Lázaro Cárdenas (1895-1970), President of Mexico from 1934 to 1940, who introduced some of the most important legislation in modern Mexican history. He came to the presidency via the military, but unlike his immediate predecessors refused to be the puppet of strongman Plutarco Elías Calles, who had dominated the previous decade. Instead, Cárdenas removed Calles's supporters from privileged posts and inaugurated a new regime based on socialistic principles of reform. He reorganised the railways, nationalised Mexico's oil wealth [see #30.1], initiated wide-ranging agrarian reforms [see #107.4], and did much to strengthen the labour movement, making it clear that the policy of his administration would be to support organised labour in its efforts to improve the living conditions of the Mexican masses [Ashby, 273]. His presidency gave Mexico and Mexicans a new self-respect both at home and abroad, but by his opposition to clerical privilege and the entrenched rights of landowners he also created many enemies.

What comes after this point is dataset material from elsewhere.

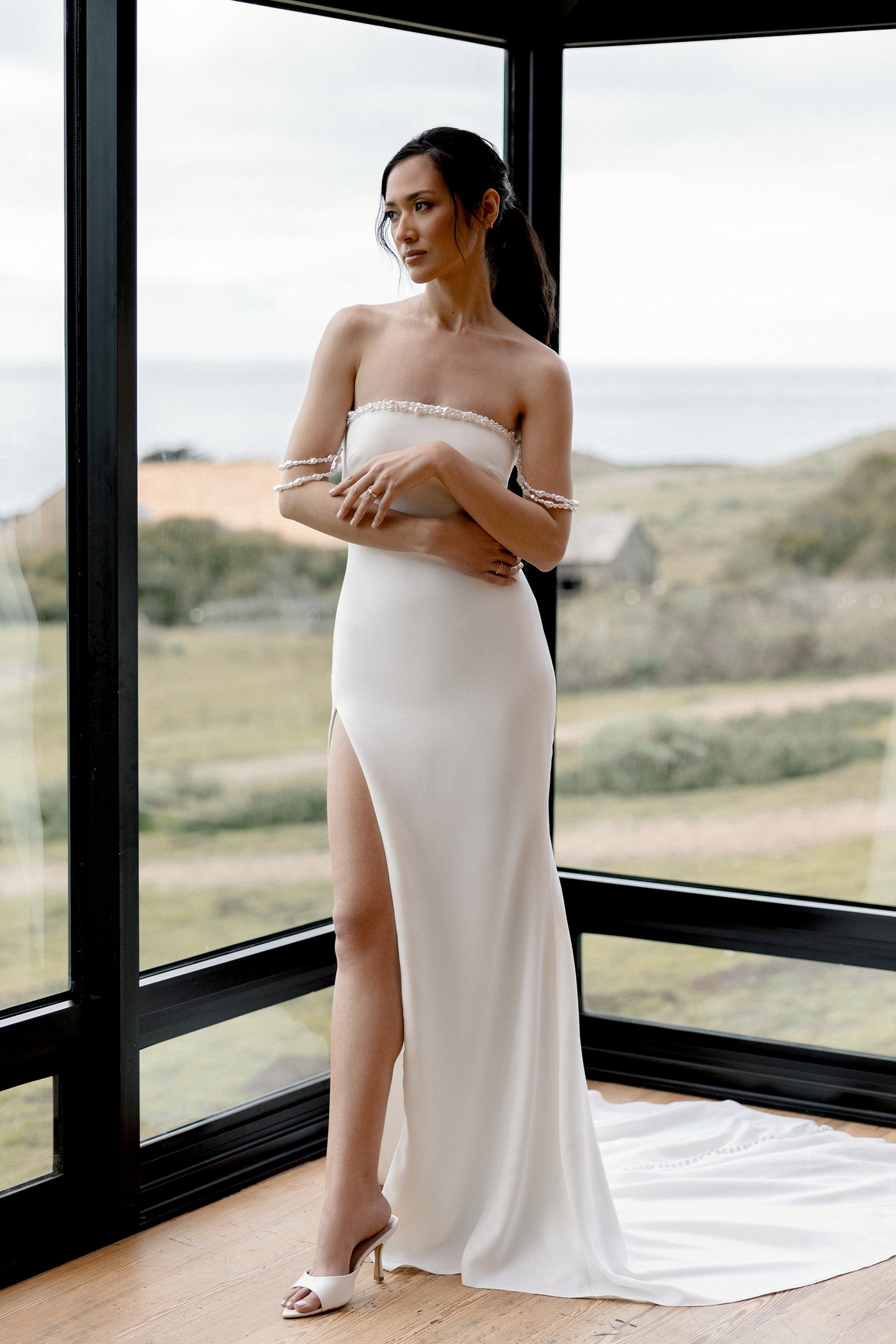 Adore by Justin Alexander Style 11405 Nixie Stretch Crepe Fit and Flare Gown with Freshwater Pearl-Trimmed Neckline and a Slit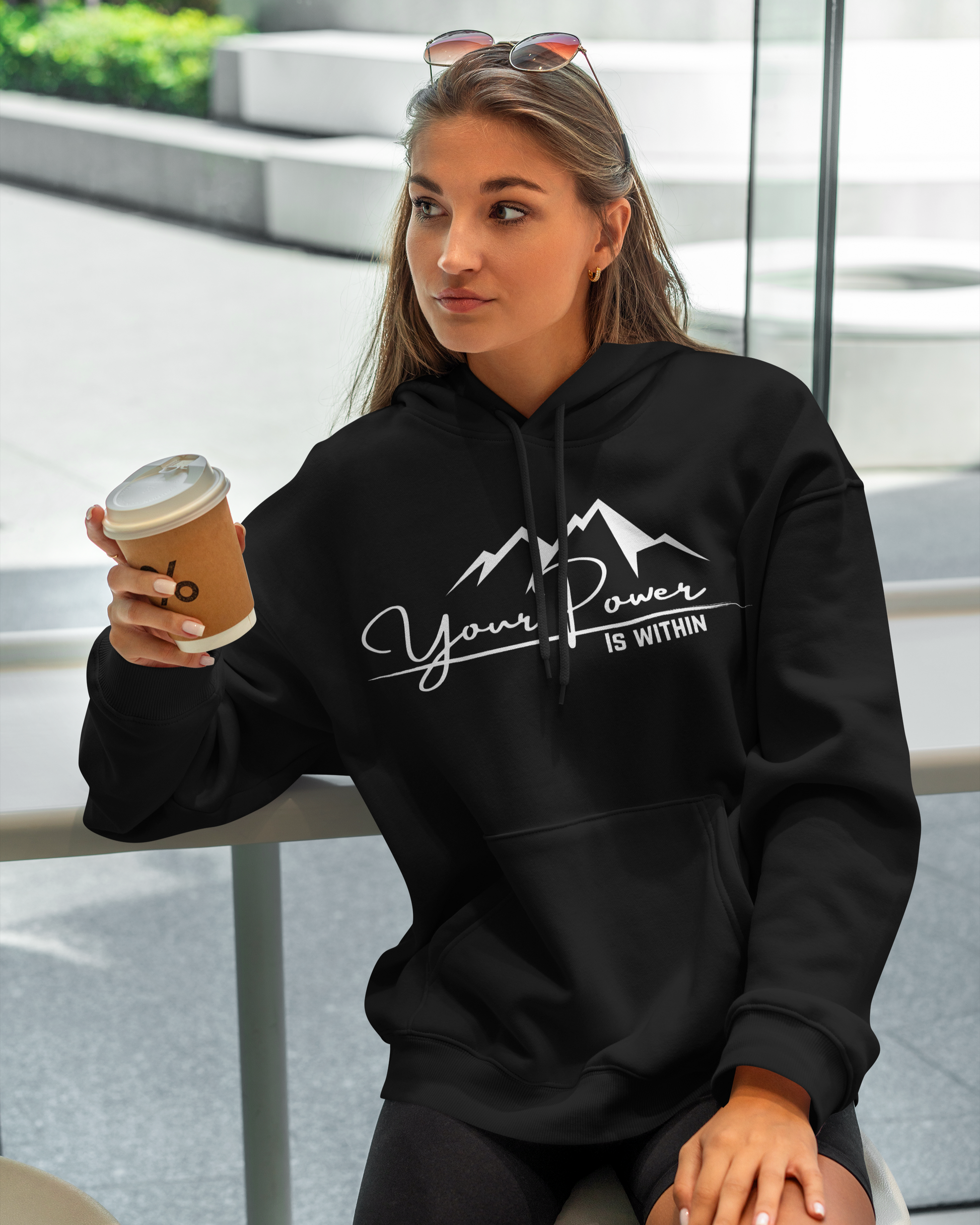 Woman wearing a black hoodie with 'Your Power is Within' text, holding a coffee cup.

107.8 the stamps showed archers shooting at the sun.

Frater Achad

The 10¢ violet of 1934 (Express Delivery), commemorating Cárdenas's assumption of office (though the 10¢ violet of 1938 is just possible). The stamp depicts an Indian archer shooting upwards, possibly Moctezuma Ilhuicamina, Aztec emperor, 1446-68, whose name means "Angry Lord Who Shoots the Sky". There may be an impenetrable mystical significance behind this message. Frater Achad's QBL [111] comments: "Stamped with an archer: Q.B.L." (Q.B.L. being the Hebrew root ‘to receive’); and in the Appendix [34] is a further obscure reference: "For had the ARROW = Sagittarius (Ruled by Jupiter) been put on the plane of Jupiter, and the Spirit, Shin, been included in the CENTRE of the TRIAD we should have obtained ... UNITY." The comment, "Stamped with an archer: QBL", appears on the Texas Manuscript of UTV [Ch. IV, 18].

108.1 Cuicatlán.

A town in the north of Oaxaca state, in the Sierra some thirty miles northeast of Nochixtlán; a centre of considerable activity in the Revolution. Lowry's friend, Juan Fernando Márquez, had been transferred there from Oaxaca.

108.2 Juarez.

Benito Juárez (1806-72), president of Mexico, 1857-63 and 1867-72, his terms of office interrupted by the French intervention of 1864-67 which set the ill-fated Maximilian on the throne. A Zapotec lndian from the state of Oaxaca, Juárez was orphaned at three and set to work as a shepherd boy, but he was rescued by Don Antonio Salaneuva, a Franciscan priest who saw the boy's potential and taught him to read and write (Juárez did not speak Spanish until he was thirteen). Initially trained for the priesthood, Juárez was to become its bitterest foe; after dropping out of the seminary, he worked and educated himself to become a lawyer, then turned to politics to implement his liberal ideals. As president, he relentlessly opposed the conservative policies of the church and, after winning the War of the Reform (1858-61), he initiated a far-reaching series of industrial, legal, and educational reforms that set Mexico well on the way towards economic recovery (the Ley Juárez, abolishing entrenched privilege, has been the basis in principle of most subsequent reforms).  Hugh's respect for Juan Cerillo is similar to that most Mexicans have for Juárez, commonly considered the greatest Mexican president, and the rough similarity between the backgrounds and ideals of the two Zapotecans suggests that the parallel is intended.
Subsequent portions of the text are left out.